= ABOUT THIS TASK =
When you write out the listing, keep every word as it stands and drop the pictures.

= PROVIDED MATERIAL =
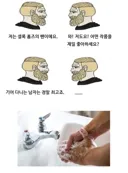 셜록 홈즈 시리즈 중 최고의 작품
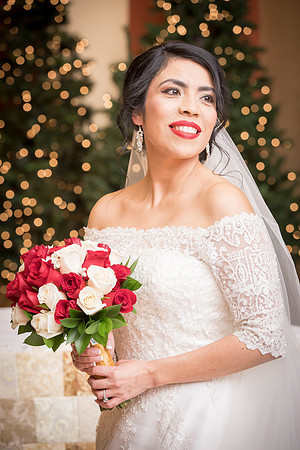 Elisa&Bryan_0456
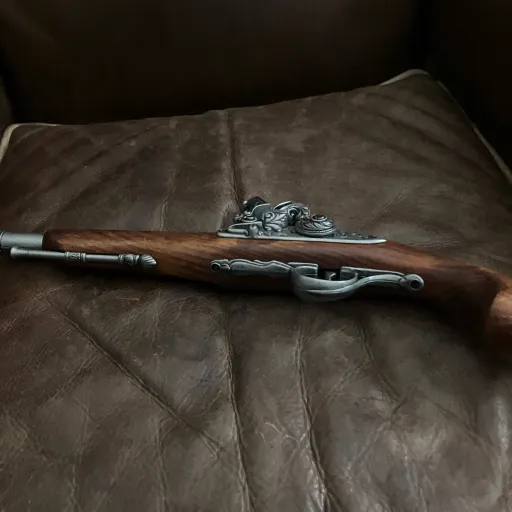 creator BALDI$$$'s avatar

= SOLUTION FOR THIS EXERCISE =
 셜록 홈즈 시리즈 중 최고의 작품
 Elisa&Bryan_0456
 creator BALDI$$$'s avatar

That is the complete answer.